My experience with a static grass applicator is that is good for standing up your hari, when not handled correctly.


----------



## michael cuneo (Sep 5, 2013)

Hi coupman I made an applicator out of a bug zapper 2d batterys is what this required works OK I thought about 9 volts more power I dont want to smoke it .it works fine you just have to take your time. woodland scenics, walthers have assortments of static grass I made mine for less than $5.00 Mike


----------



## Southern (Nov 17, 2008)

Static grass is on my list of thing to do. let us know how it works.


----------



## dannyrandomstate (Jan 1, 2012)

This has been on my list for some time. I'll probably be trying the DIY version as the price point for the commercial ones are a little steep. There is a few articles I have read on the subject of making one. Here is one. It's on page 93. 
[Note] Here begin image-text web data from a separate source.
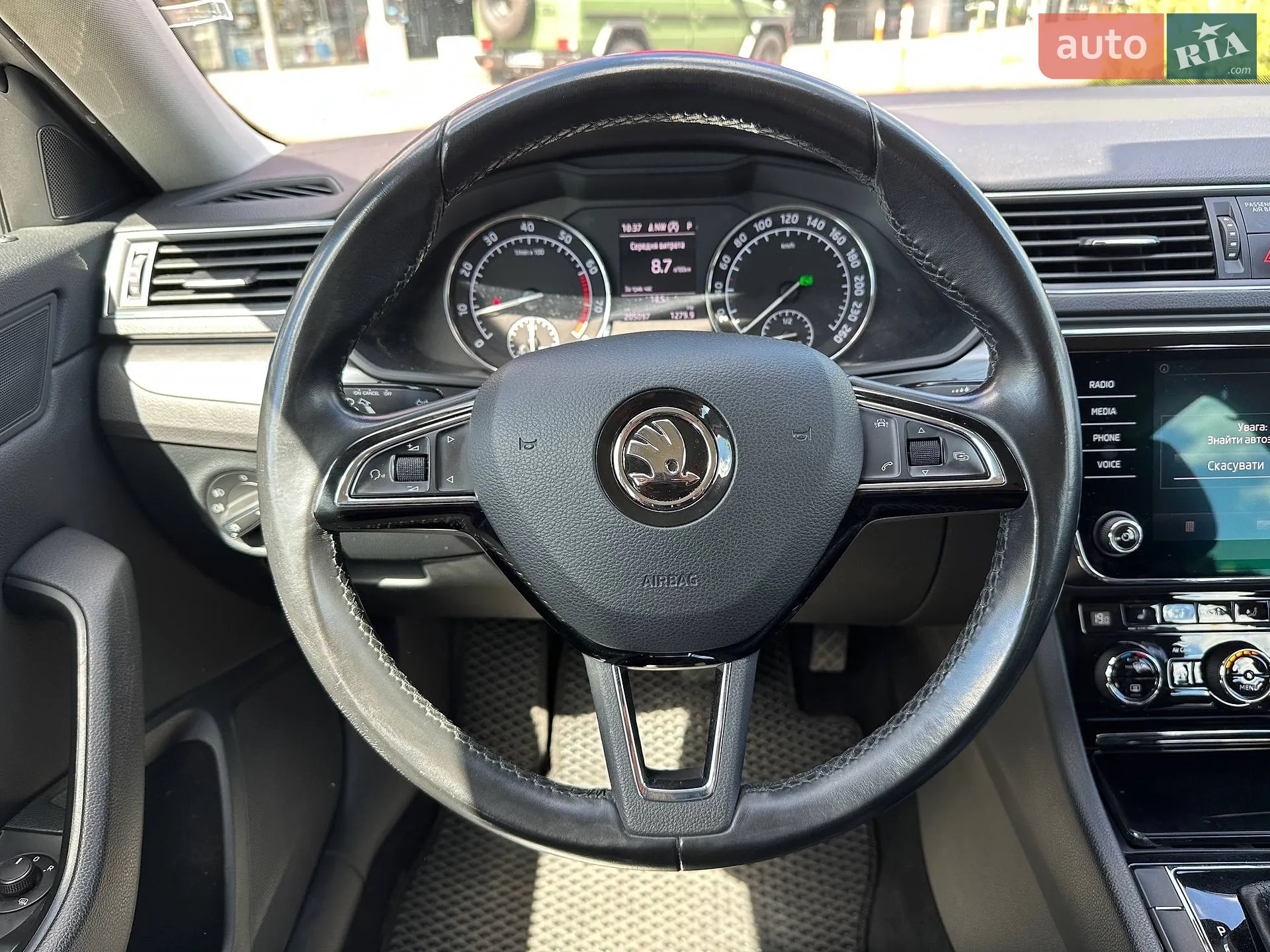 2018 Skoda Superb - мініатюра 14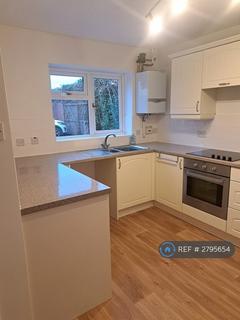 3 bedroom end of terrace house to rent, Rosehip Court, Cheltenham, GL51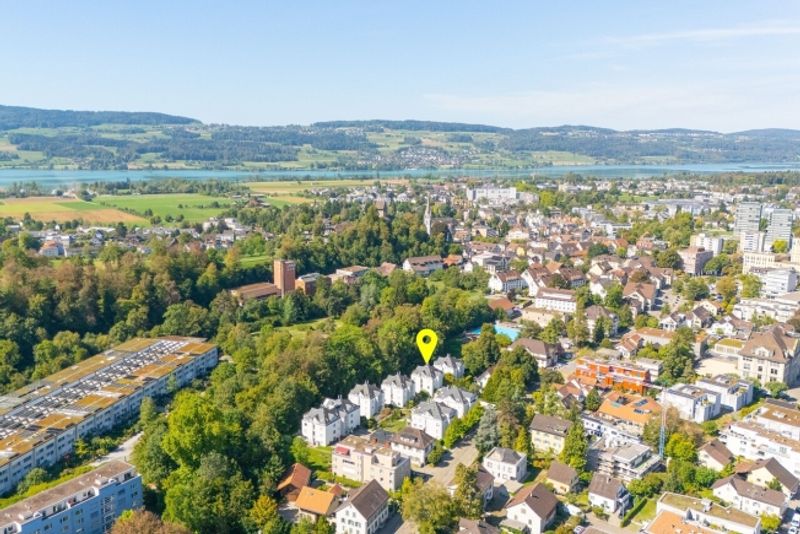 Grüner Ausblick und urbaner Komfort in Uster - 12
http://issuu.com/mr-hobbyist/docs/mrh-2010-mar-apr-ol/93?viewMode=presentation&mode=embed


----------



## michael cuneo (Sep 5, 2013)

Hi danny if you look on u tube there are 3 videos part 1,2,3, pretty good vids thats where I got my info . I got the bug zapper at harbor freight $4.00 and 2 flour sifters at the doller store for a buck it's pretty easy to make. give it a try and good luck Mike


----------



## dannyrandomstate (Jan 1, 2012)

I've got the fly swatter on the back porch. I've been on the fence on if I want to go battery powered or plug into the wall. About the only part I would have to buy is the negative ION generator. I figure after the move I'll get the project started.


----------